WVU Researcher Helps Identify Coal Dust Monitoring Shortcomings
By Wendy Holdren
October 19, 2018 - In a report published by the National Academies of Sciences, Engineering and Medicine, West Virginia University researcher Michael McCawley and his colleagues have pinpointed shortcomings in how miners’ exposure to respirable coal mine dust is monitored.
Inhaling coal and silica dust over time leads to black lung disease, as well as a more severe form of the disease called pulmonary massive fibrosis.
“The first thing we pointed out to regulators was, ‘OK, you say nobody’s being overexposed, but the way you’re measuring it assumes something about the person you’re sampling that may not necessarily be the case. So, prove it.’ This is science after all,” said McCawley, a clinical associate professor in the Department of Occupational and Environmental Health Sciences within WVU’s School of Public Health.
Current regulations require the miner in a crew who will encounter the most dust underground to wear a dust-monitoring device.
“Rather than sample everybody in the mine, you go to the highest one and say, ‘If they’re in control, then everybody else should be in control,’” McCawley said.

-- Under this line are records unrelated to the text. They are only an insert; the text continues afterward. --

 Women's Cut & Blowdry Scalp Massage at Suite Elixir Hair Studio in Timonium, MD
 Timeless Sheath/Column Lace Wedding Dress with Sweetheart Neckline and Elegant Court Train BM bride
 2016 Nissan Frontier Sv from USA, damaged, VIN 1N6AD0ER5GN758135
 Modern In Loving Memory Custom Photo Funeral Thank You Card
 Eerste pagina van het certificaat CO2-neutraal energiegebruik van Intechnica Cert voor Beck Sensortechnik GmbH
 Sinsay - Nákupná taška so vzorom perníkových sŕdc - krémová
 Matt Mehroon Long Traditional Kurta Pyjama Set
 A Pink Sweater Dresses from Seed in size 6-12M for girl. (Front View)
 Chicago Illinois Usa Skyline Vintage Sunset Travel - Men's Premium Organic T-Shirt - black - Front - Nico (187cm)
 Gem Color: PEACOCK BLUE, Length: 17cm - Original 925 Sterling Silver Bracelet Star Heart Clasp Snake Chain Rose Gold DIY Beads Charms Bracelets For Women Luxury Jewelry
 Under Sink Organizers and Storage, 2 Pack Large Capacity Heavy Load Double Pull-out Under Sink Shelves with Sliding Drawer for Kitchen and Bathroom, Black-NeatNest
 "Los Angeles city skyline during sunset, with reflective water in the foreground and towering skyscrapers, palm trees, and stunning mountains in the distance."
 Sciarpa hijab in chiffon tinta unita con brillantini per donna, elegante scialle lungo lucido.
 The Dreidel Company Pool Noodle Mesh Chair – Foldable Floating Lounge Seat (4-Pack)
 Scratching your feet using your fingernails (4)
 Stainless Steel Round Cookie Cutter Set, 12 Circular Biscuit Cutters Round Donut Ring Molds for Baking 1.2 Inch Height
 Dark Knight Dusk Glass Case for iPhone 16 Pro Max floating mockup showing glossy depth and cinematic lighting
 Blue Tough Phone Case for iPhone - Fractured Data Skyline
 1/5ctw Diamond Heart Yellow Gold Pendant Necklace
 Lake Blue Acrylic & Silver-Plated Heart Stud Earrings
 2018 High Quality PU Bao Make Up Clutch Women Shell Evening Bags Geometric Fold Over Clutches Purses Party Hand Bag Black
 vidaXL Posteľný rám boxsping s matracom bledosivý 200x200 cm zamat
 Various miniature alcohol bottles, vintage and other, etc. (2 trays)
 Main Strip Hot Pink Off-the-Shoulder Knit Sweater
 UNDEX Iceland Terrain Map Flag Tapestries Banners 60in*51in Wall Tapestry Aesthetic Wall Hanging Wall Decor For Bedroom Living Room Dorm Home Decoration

The device, called a continuous personal dust monitor, or CPDM, gives users near-real-time information about how much dust they’re inhaling. If the device indicates a hazardous level, a miner can move away from the dust source.
"That’s prudent, but it skews the data," the release said. "The amount of dust may stay high in that space even after the worker has left and other miners — who aren’t monitored — enter it. As a result, the exposure of those miners goes unmeasured."
McCawley said every miner isn't equipped with a monitor for several reasons, including the bulk and cost of the equipment. The monitors can make it hard to balance on a mine’s shifting floor, and they cost roughly $15,000 each.
If scientists and engineers could develop a lighter, more affordable version, the release said, more crew members might be able to wear it, and the pool of monitoring data could deepen.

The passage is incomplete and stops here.